On Tue, 13 Jan 2009, David Lee wrote:
On Tue, 13 Jan 2009, Darren Miller wrote:
Me too. We contacted NetApp and got the fix which allowed us to turn quotas back on. However, quotas are now "leaking", which means quota usage is actually higher than the actual disk usage, causing many of our users to hit their quota limit. It only affects CIFS, NFS quotas are fine.
Ugh. Thanks for the heads-up.
Would that fix happen to be 'wafl_enable_allocation_size 0'? We applied that fix and restarted quotas earlier today, and are holding our breath...
That's the one. The filer hasn't crashed any more, but I am having to do quota off/quota on on the affected volumes every night, which takes several hours. I'd keep an eye on actual disk space compared to what the quota says if I was you.
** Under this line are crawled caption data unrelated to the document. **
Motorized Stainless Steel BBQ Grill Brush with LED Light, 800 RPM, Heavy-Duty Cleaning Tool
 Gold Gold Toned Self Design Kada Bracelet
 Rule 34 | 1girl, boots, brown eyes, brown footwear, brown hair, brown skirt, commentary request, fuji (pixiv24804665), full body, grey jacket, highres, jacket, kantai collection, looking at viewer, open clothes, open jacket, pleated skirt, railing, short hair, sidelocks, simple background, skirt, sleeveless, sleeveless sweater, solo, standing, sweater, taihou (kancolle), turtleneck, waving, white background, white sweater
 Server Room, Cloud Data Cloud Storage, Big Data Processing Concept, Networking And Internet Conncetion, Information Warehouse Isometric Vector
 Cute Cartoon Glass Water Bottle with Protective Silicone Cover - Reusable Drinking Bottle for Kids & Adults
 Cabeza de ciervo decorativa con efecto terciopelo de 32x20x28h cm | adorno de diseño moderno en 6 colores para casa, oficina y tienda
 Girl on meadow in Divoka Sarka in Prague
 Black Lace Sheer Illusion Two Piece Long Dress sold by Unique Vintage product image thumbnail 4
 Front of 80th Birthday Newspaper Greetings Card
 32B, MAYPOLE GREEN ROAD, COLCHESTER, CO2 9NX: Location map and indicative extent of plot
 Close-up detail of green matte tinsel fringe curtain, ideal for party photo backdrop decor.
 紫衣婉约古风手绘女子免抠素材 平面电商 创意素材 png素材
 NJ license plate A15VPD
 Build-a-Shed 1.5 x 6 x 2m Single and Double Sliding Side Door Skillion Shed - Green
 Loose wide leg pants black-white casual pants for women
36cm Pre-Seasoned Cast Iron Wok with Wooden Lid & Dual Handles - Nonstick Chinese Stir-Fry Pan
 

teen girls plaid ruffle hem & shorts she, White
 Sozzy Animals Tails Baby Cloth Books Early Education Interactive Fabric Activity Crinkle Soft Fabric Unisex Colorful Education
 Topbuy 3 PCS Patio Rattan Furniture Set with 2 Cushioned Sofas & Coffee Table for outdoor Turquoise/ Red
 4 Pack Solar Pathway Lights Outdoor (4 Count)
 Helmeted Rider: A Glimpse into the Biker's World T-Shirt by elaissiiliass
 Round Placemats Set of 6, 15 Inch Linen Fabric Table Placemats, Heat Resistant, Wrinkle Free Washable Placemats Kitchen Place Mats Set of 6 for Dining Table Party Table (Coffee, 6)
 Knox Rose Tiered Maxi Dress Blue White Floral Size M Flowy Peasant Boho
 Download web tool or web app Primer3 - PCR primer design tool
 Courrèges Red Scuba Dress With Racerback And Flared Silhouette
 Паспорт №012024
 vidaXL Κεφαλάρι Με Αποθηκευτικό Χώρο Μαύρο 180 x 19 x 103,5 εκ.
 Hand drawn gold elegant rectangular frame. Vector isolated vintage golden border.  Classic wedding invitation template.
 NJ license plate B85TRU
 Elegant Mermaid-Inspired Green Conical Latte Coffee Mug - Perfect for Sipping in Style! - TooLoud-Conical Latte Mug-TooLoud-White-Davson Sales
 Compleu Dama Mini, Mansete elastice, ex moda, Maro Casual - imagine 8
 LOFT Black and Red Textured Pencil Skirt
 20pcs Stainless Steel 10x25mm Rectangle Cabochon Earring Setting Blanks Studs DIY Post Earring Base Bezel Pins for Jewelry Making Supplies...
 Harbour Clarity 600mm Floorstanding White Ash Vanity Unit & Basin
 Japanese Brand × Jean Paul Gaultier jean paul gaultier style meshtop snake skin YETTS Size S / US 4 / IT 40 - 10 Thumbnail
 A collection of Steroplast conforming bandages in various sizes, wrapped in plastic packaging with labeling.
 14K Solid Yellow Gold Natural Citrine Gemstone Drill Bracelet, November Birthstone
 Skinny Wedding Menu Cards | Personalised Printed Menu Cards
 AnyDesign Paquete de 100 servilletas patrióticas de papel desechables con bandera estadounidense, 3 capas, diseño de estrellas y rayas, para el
On Tue, 13 Jan 2009, David Lee wrote:
On Tue, 13 Jan 2009, Darren Miller wrote:
[...] Me too. We contacted NetApp and got the fix which allowed us to turn quotas back on. However, quotas are now "leaking", which means quota usage is actually higher than the actual disk usage, causing many of our users to hit their quota limit. It only affects CIFS, NFS quotas are fine.
Ugh. Thanks for the heads-up.
Would that fix happen to be 'wafl_enable_allocation_size 0'? We applied that fix and restarted quotas earlier today, and are holding our breath...
Warning: side-effect: CPU gobbling by "quota resize".
Our operational procedures includes handling Servicedesk (Helpdesk) requests from users for increased quotas. Our staff use a UNIX script which (1) edits the Netapp "quotas" file and (2) invokes "quota resize" on the relevant volume. This has worked happily for years. But since doing that "wafl_..." workaround yesterday, we've had bursts of very poor response from the filers. Closer examination, and a controlled test, show that these have coincided with invoking "quota resize".
It looks as though that "wafl_..." workaround and "quota resize" are most unhappy partners.
I hope that the proper fix to the quota-crash problem won't introduce this performance-hit as a side-effect...
Is there a NetApp person on this list taking an overview of this particular issue, and collating information?